### TASK INSTRUCTIONS
Only the lines from the one with "Hands of mother and son © tatomm" to the end of the listing below should be set down, exactly as written and without any pictures.

### RECORDED DATA
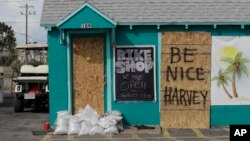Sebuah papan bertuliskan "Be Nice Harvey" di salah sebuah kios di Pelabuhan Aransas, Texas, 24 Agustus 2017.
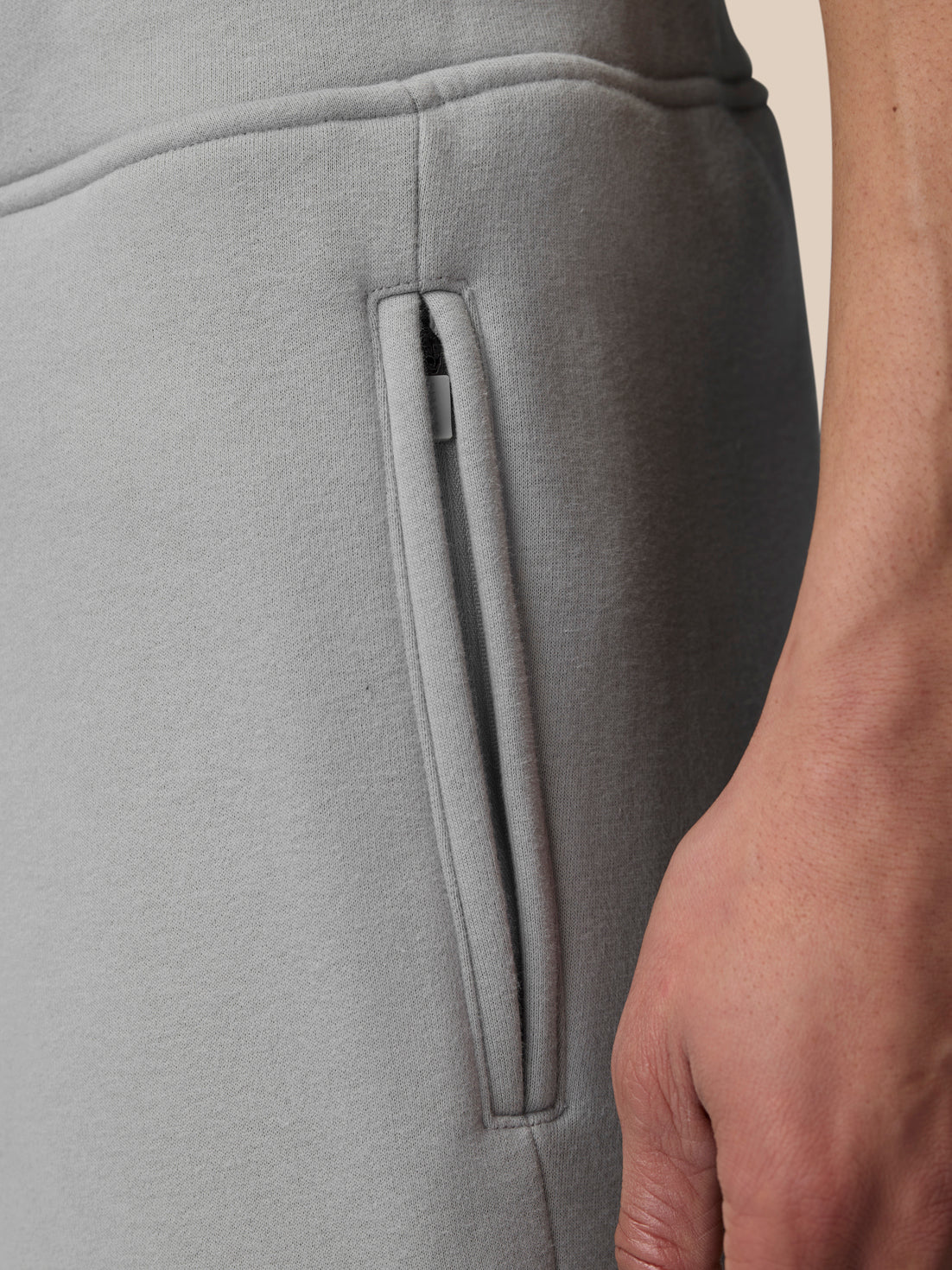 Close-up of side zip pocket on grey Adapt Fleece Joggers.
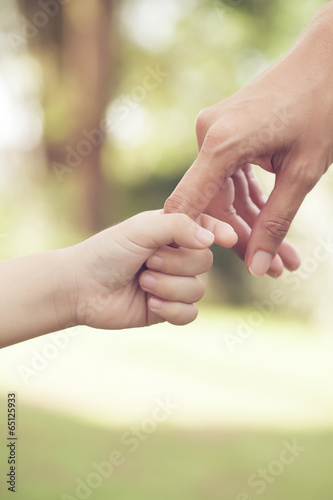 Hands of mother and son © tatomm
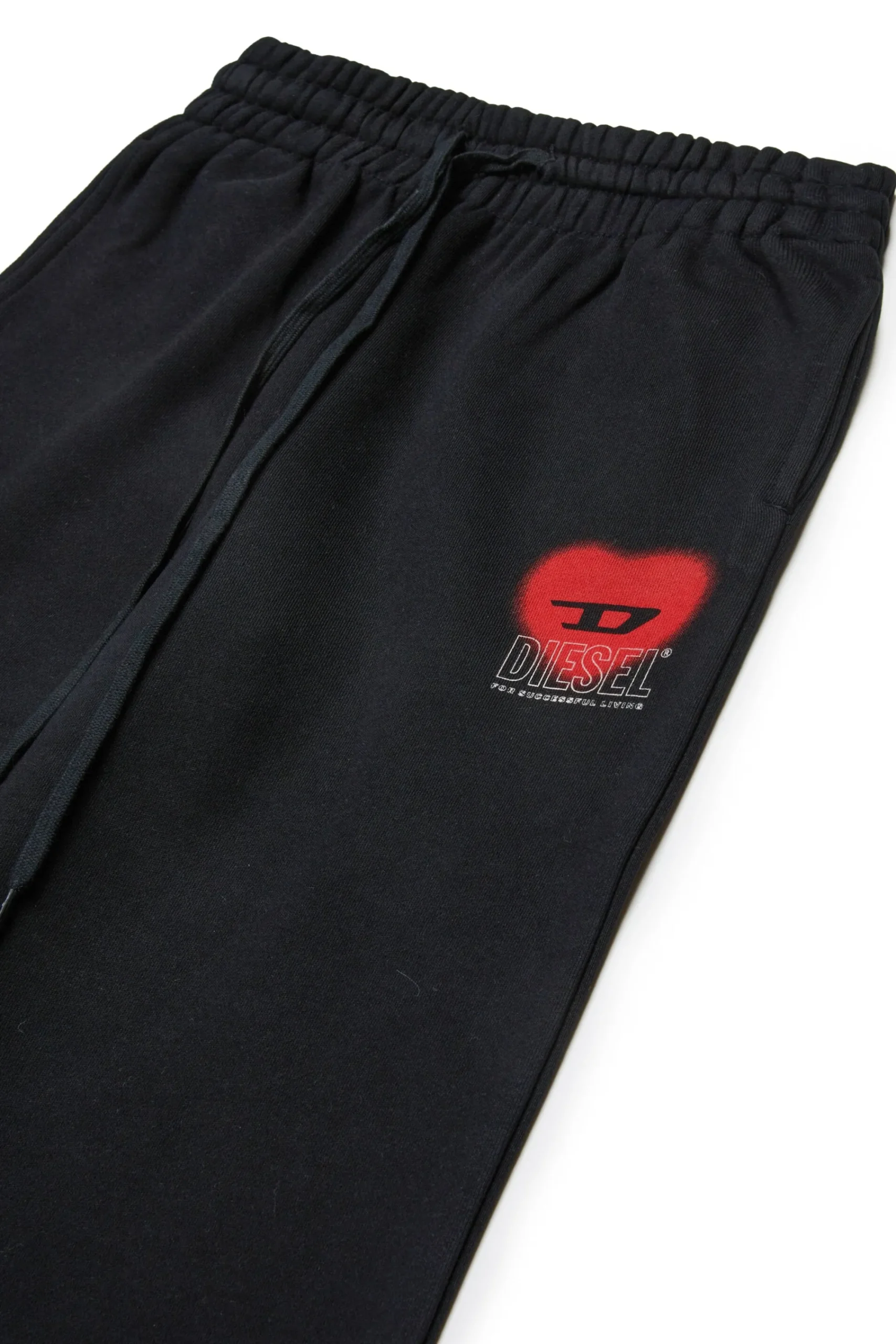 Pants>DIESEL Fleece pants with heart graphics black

### SOLUTION TO THE PROBLEM
 Hands of mother and son © tatomm
 Pants>DIESEL Fleece pants with heart graphics black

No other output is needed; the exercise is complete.